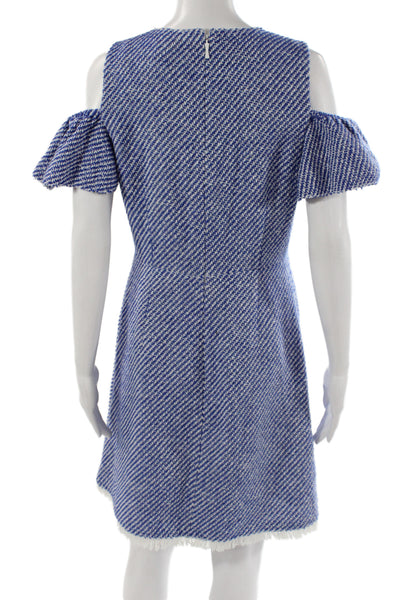 Kate Spade New York Women Shift Dress Blue Herringbone Size 8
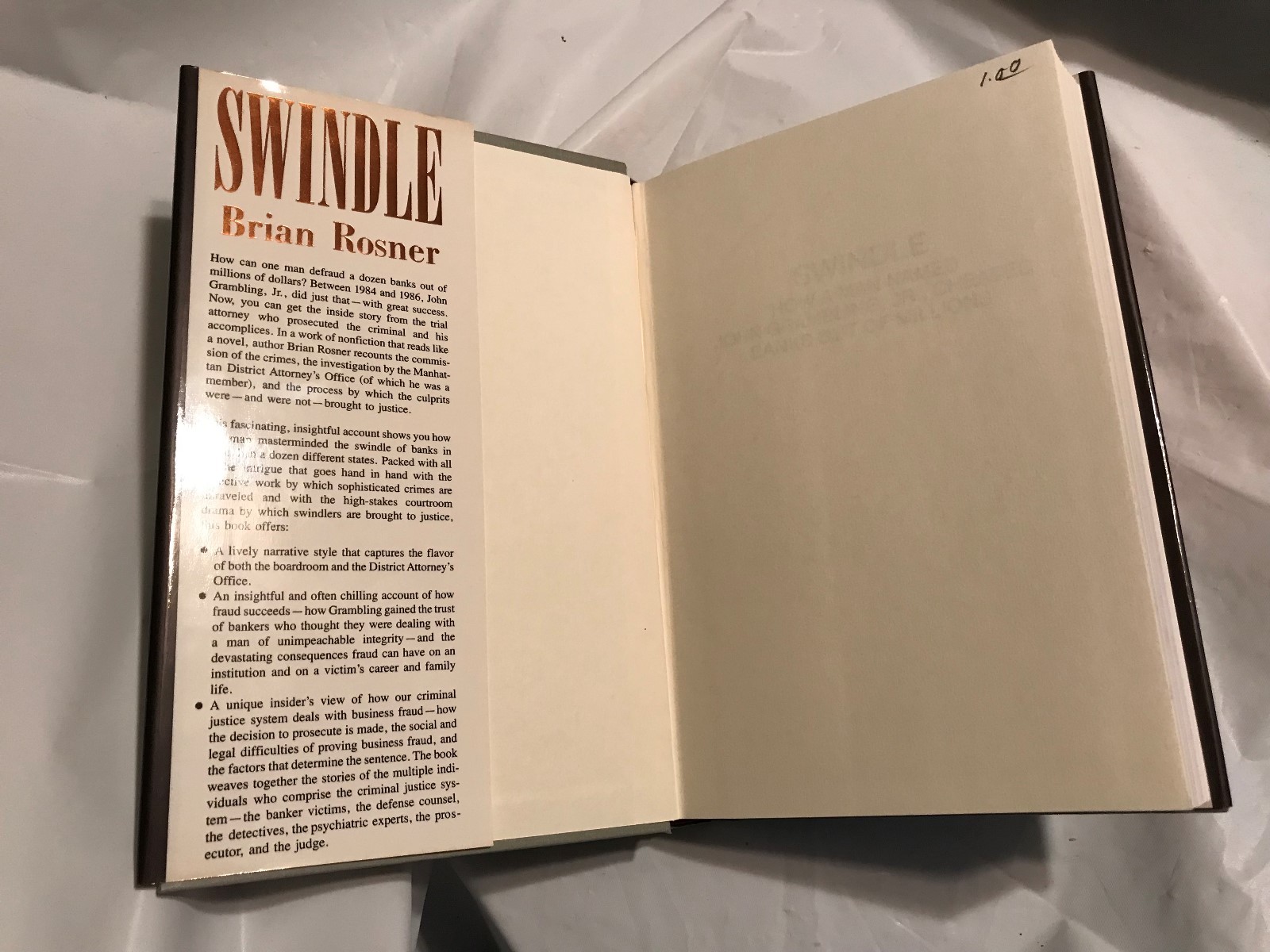 SWINDLE Rosner 1990 First Edtion 1st Printing Rare Banking Fraud Theft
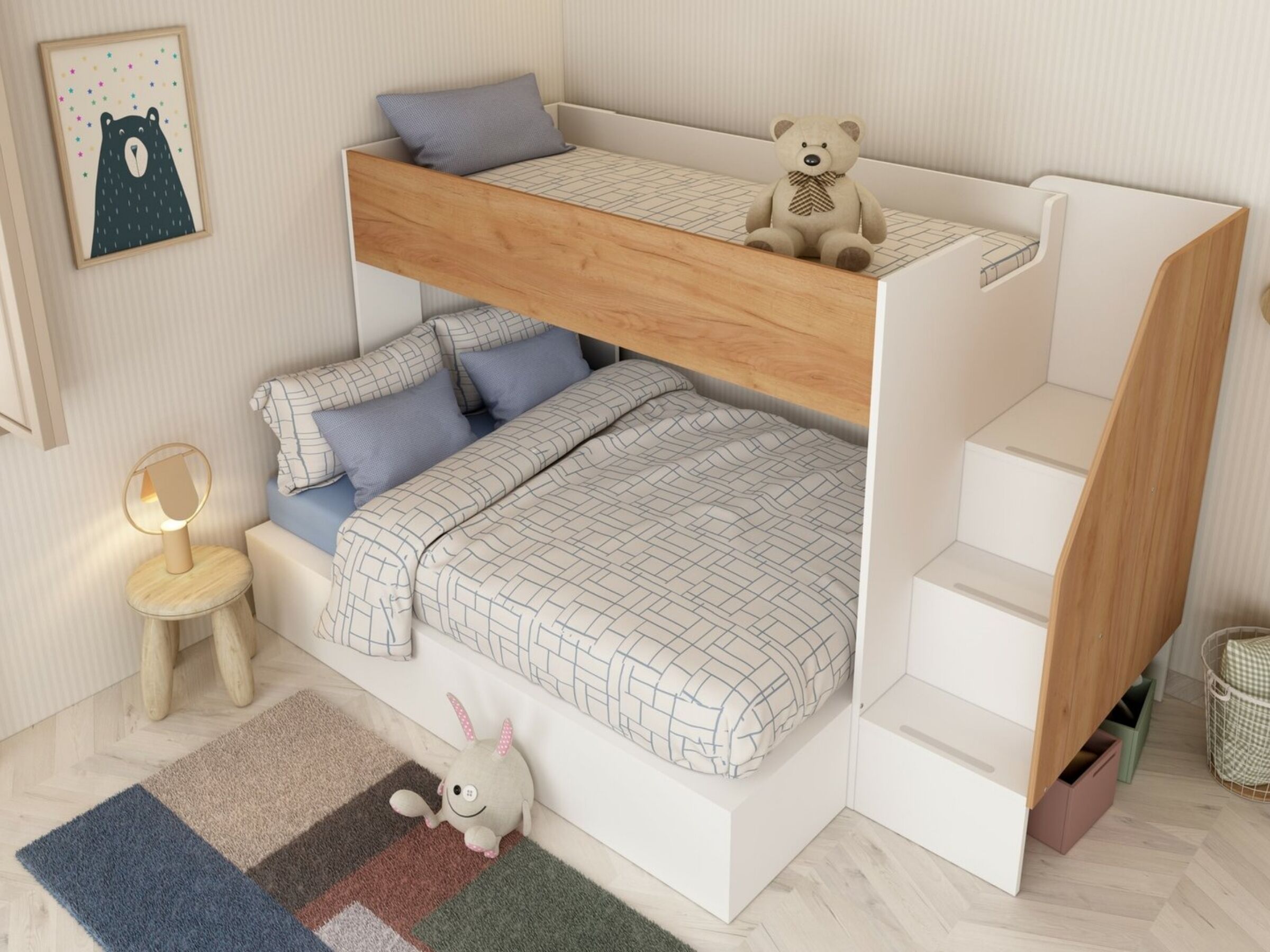 Køyeseng Easy family 90x200/140x200 - NATUR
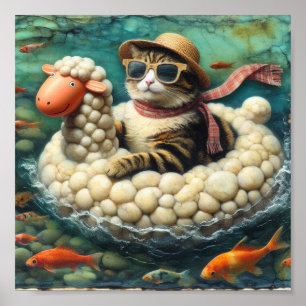 Poster Gato Adorável Com Boia de Carneiro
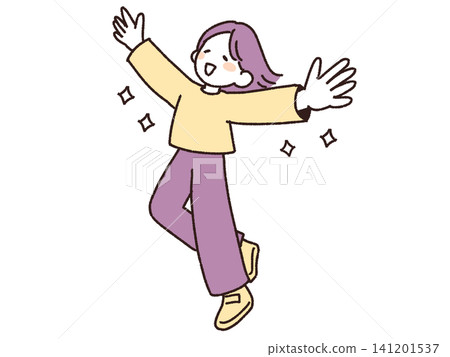 一位女性帶著自由感飛翔 一位女性帶著自由感飛翔 141201537
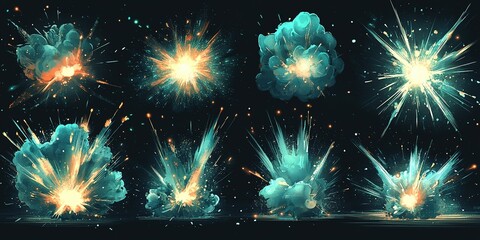 Poster - Explosions of vibrant colors and dynamic energy captured in a dark environment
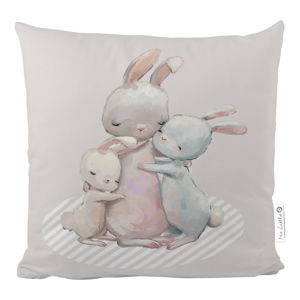 Poszewka na poduszkę z satyny bawełnianej Mr. Little Fox Hugging Bunnies, 50x50 cm
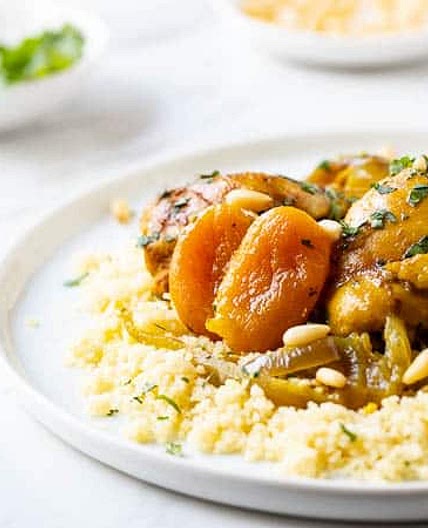 Moroccan Spiced Chicken Stew with Apricots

□ □ □ □ □ □ □

*PROBLEM TO SOLVE*: A word-for-word transcription of the listing is needed, minus its images.

*WRITTEN SOLUTION*:
 Kate Spade New York Women Shift Dress Blue Herringbone Size 8
 SWINDLE Rosner 1990 First Edtion 1st Printing Rare Banking Fraud Theft
 Køyeseng Easy family 90x200/140x200 - NATUR
 Poster Gato Adorável Com Boia de Carneiro
 一位女性帶著自由感飛翔 一位女性帶著自由感飛翔 141201537
 Poster - Explosions of vibrant colors and dynamic energy captured in a dark environment
 Poszewka na poduszkę z satyny bawełnianej Mr. Little Fox Hugging Bunnies, 50x50 cm
 Moroccan Spiced Chicken Stew with Apricots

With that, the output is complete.